Extracted data entries =>

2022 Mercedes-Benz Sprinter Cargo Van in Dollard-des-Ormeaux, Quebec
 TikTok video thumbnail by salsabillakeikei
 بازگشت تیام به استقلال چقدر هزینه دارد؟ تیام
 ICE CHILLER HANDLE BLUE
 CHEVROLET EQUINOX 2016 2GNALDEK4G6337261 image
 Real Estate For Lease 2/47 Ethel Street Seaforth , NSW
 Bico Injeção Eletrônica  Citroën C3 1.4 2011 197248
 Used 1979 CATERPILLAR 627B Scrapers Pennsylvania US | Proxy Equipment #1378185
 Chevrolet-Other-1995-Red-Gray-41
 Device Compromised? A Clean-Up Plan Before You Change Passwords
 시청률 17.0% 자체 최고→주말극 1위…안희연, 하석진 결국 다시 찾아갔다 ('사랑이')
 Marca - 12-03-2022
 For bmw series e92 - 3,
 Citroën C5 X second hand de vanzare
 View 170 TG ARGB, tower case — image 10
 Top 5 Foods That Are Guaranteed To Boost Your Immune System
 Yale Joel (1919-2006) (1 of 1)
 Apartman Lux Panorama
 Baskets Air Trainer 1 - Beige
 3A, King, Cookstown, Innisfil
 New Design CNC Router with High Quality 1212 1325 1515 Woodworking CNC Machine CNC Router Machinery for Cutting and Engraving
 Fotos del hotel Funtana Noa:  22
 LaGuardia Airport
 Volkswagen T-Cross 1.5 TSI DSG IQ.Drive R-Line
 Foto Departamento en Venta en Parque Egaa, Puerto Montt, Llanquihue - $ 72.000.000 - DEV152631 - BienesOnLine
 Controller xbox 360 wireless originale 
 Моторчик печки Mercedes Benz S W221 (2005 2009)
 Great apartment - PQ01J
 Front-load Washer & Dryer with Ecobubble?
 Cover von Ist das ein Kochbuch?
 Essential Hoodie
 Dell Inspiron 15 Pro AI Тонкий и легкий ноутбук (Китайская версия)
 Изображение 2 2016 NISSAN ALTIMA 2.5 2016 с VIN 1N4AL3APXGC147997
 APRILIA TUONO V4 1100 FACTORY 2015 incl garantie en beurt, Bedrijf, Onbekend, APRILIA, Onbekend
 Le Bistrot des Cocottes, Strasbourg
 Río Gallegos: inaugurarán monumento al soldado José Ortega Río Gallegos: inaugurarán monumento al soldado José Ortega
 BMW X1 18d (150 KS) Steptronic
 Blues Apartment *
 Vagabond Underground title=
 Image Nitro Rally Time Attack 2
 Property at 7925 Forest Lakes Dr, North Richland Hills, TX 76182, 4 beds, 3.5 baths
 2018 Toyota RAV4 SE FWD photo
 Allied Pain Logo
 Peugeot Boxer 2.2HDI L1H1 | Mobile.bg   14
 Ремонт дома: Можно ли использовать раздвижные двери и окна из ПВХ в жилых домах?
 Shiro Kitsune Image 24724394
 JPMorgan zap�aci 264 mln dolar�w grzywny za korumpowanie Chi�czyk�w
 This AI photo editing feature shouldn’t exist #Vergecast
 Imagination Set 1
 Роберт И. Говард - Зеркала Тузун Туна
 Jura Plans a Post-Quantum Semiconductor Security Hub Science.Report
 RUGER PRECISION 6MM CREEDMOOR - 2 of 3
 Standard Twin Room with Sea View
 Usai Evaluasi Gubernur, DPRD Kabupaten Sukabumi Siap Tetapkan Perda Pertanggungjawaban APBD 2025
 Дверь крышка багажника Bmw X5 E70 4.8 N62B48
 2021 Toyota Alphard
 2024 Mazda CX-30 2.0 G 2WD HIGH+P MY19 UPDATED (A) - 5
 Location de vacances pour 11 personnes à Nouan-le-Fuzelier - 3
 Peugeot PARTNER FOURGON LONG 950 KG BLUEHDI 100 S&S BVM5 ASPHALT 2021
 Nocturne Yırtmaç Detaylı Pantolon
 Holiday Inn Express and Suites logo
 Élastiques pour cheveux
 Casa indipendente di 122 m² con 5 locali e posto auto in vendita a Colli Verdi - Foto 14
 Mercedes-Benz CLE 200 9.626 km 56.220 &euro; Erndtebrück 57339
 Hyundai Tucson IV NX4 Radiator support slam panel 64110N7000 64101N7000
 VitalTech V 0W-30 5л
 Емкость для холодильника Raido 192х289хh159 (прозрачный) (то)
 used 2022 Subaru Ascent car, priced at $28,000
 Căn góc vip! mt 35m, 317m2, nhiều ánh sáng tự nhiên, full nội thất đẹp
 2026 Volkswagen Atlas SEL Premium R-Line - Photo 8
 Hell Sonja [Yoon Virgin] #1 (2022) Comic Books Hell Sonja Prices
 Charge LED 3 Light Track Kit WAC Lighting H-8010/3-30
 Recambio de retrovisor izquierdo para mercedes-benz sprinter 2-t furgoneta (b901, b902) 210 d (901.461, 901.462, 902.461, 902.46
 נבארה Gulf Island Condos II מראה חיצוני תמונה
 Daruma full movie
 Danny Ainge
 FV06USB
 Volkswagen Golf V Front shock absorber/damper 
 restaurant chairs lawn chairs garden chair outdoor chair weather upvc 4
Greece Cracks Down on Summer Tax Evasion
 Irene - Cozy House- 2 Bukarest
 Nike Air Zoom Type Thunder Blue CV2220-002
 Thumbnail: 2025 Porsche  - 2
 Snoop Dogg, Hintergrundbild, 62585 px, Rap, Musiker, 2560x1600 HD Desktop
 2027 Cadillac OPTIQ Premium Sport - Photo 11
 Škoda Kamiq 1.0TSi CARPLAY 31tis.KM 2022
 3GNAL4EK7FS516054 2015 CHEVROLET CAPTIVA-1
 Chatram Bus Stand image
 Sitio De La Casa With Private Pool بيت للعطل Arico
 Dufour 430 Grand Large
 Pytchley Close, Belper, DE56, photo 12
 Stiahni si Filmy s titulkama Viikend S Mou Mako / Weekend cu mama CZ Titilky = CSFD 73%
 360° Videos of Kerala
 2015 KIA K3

What you should do =>
Among the records above, only the lines between the line holding "Daruma full movie" and the line holding "Thumbnail: 2025 Porsche", inclusive, are to be output, exactly as written.

Response to this task =>
 Daruma full movie
 Danny Ainge
 FV06USB
 Volkswagen Golf V Front shock absorber/damper 
 restaurant chairs lawn chairs garden chair outdoor chair weather upvc 4
Greece Cracks Down on Summer Tax Evasion
 Irene - Cozy House- 2 Bukarest
 Nike Air Zoom Type Thunder Blue CV2220-002
 Thumbnail: 2025 Porsche  - 2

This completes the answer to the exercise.